After being ruled out of the Ulster final due to Covid and confined to keeping in contact with Dooher from his sitting room, Logan soon realised that he had to take a backseat due to the few seconds of delay when watching the action on TV.
“My phone was beside me, and then I had the TV screen. The phone, I could hear the crowd and it still hadn’t happened on the TV. Then I was going, ‘shit, has that ball gone down their end, or our end?’ Joe (McMahon) mainly was operating it with Brian. The players were in good hands. I would have been better just putting my feet up at home, 100 miles away and relaxing. He divvied up all the subs that day.
“But I was talking to them, I was talking to them at half-time. We had an open WhatsApp call. It seemed to work and kept the line of contact to the guys, but you don’t know if you are doing right or wrong or adding benefit or not. But we got over the line, just about.”
How McRory and McKenna worked in tandem gave Logan an idea of how the job can be shared. “Art and Eugene were a brilliant management. Art McRory was a colossus of Tyrone football. Eugene was a colossus of a player. And I still would be in good touch with Art.
“It is a collective now. One, it is a fairly heavy shift and two, we have fairly busy jobs, Brian and myself. But it is a group. We are here tonight and there are guys sitting at home analysing videos, the medics who are working 24/7. It’s a collective.

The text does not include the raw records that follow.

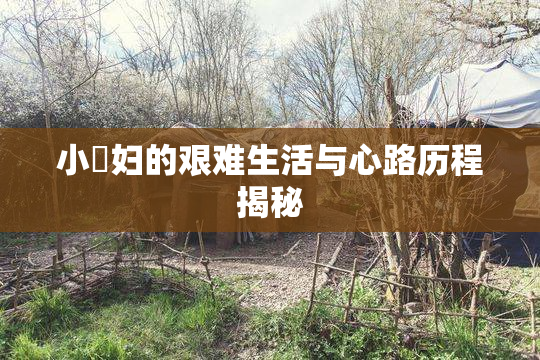 小婬妇的艰难生活与心路历程揭秘
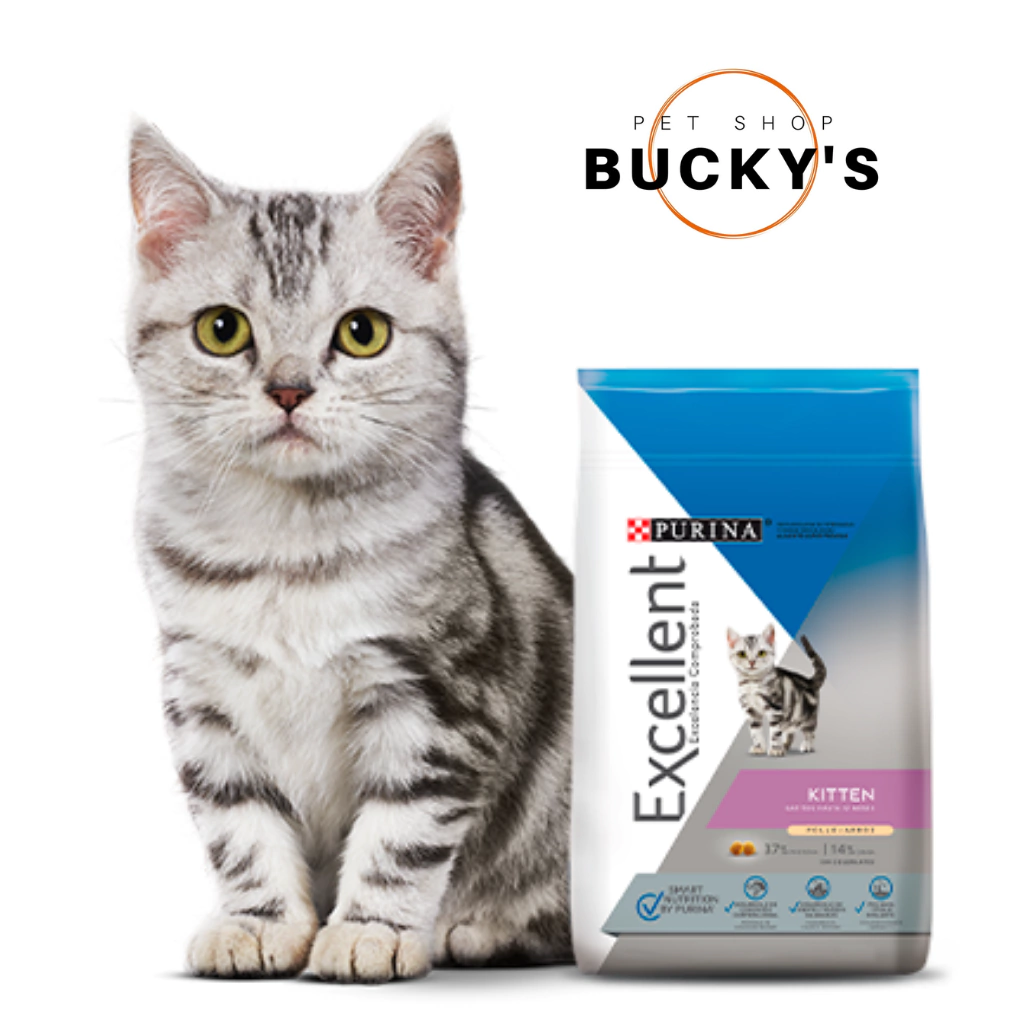 EXCELLENT KITTEN - POLLO Y ARROZ
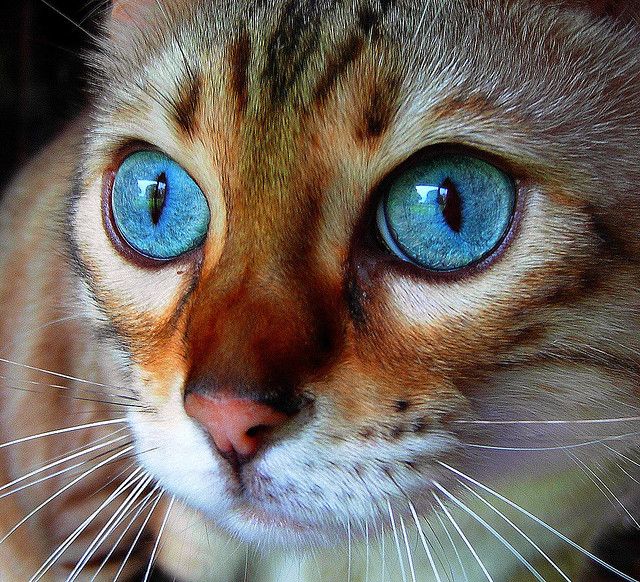 Blue eyed tiger cat - Cat Tales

“Management is overstated. You are as good as your players but you are also as good as the collective. Peter (Canavan), Brian and myself managed the U21s. I mean it sincerely when I say it didn’t cost me one iota of thought, really, because as a team and a panel, you rise together and you fall together.
“If (kitman) Mickey Moynagh comes up with the best substitution, and I mean that with the greatest of respect, the longest and best servant of Tyrone football – if Mickey comes up with the winning formula, I am as happy as anybody.”
‘Gut’ is a word Logan repeats a few times throughout the interview. Intuition is what he trusts when he talks about how he wants the players to approach tomorrow’s final.
“To be honest, overall my gut would be to go at it, the same way we went after every other single game.
“Overall, that’s my gut. Of course, you would love to embrace it. You’d love the families there, the spirit of it. Maybe I am more nervous and anxious than Mickey (Harte) is with three All-Irelands under his belt. That’s not anything to Mickey there but my thinking is, ‘let’s get the head down and see if we can win this’, because I have been that soldier that came out the wrong end and it is not easily rectified.”
Keeping Tyrone at the top table is imperative. It may be a second All-Ireland appearance in four years but the bolded and underlined figure is 13 - the years since the Sam Maguire Cup crossed the river Blackwater into Aughnacloy.
“That was a challenge for Brian and myself and, whatever happens, we still have a bit to go, to make sure that the standards didn’t drop and things didn’t go. There are counties, some not that terribly far away, where things can drop and, all of a sudden, it gets harder, once you go down a division, or two. It takes the full endeavour of every club, and everybody associated with Tyrone GAA, to keep it where it is. It attracts a bit of adverse comment at times but we just want to be as good as we can be. We don’t mean any ill to anybody else, we just try our best.”